Every line of the listing must be reproduced as it stands. Leave the images behind.

### Available data
########################################

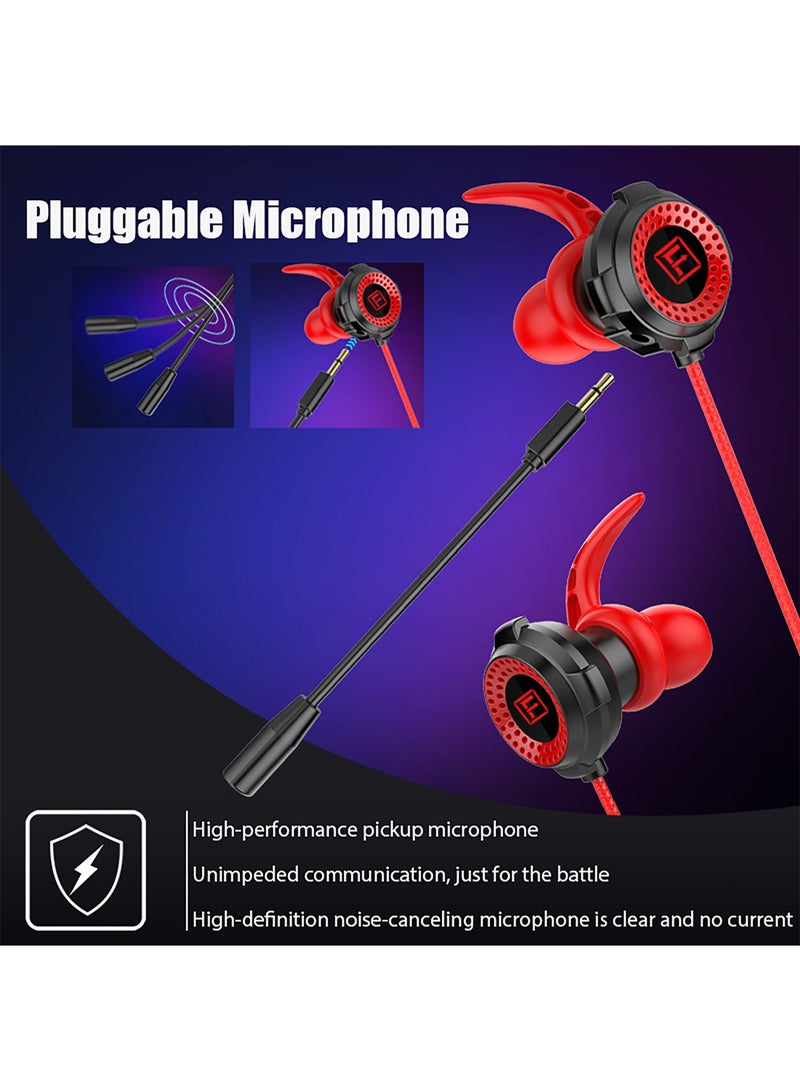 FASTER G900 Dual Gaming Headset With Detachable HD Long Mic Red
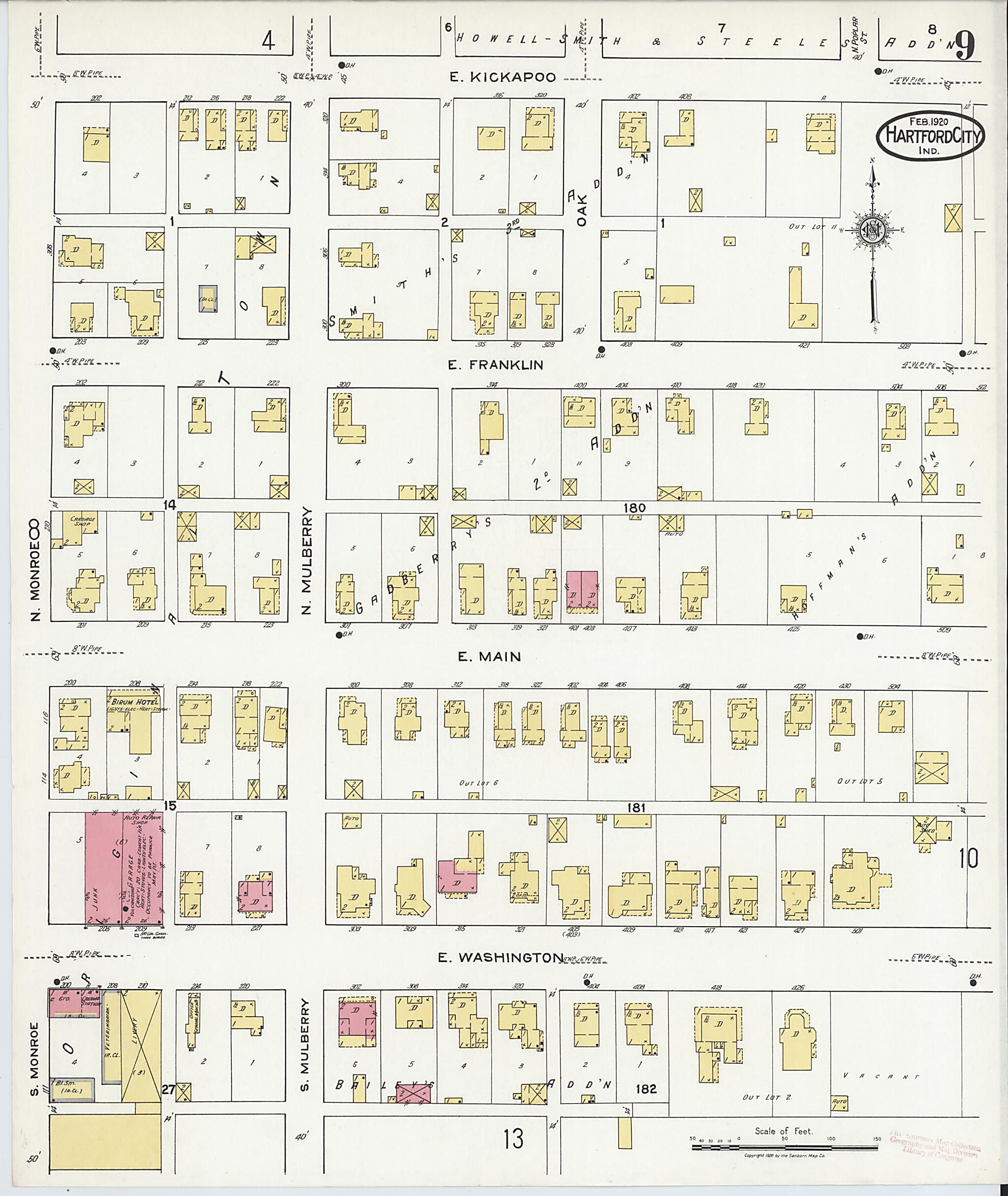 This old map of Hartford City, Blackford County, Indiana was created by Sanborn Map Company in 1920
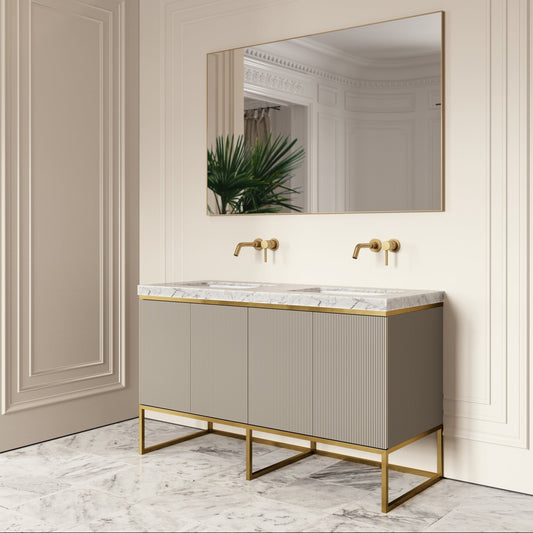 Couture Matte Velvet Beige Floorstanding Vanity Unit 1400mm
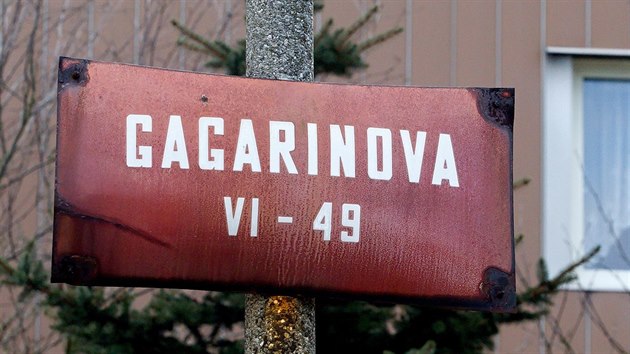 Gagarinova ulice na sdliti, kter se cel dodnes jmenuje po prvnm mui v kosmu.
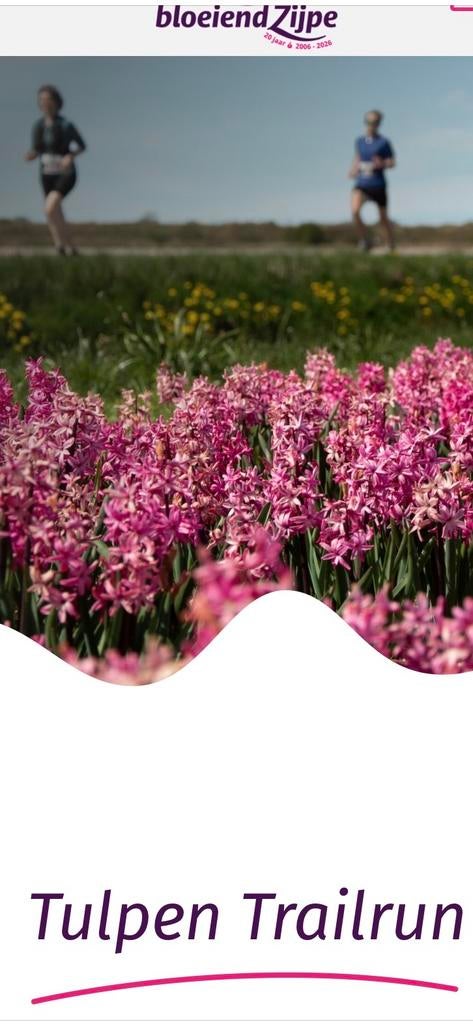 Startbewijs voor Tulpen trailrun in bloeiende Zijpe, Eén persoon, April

########################################

### Written solution
 FASTER G900 Dual Gaming Headset With Detachable HD Long Mic Red
 This old map of Hartford City, Blackford County, Indiana was created by Sanborn Map Company in 1920
 Couture Matte Velvet Beige Floorstanding Vanity Unit 1400mm
 Gagarinova ulice na sdliti, kter se cel dodnes jmenuje po prvnm mui v kosmu.
 Startbewijs voor Tulpen trailrun in bloeiende Zijpe, Eén persoon, April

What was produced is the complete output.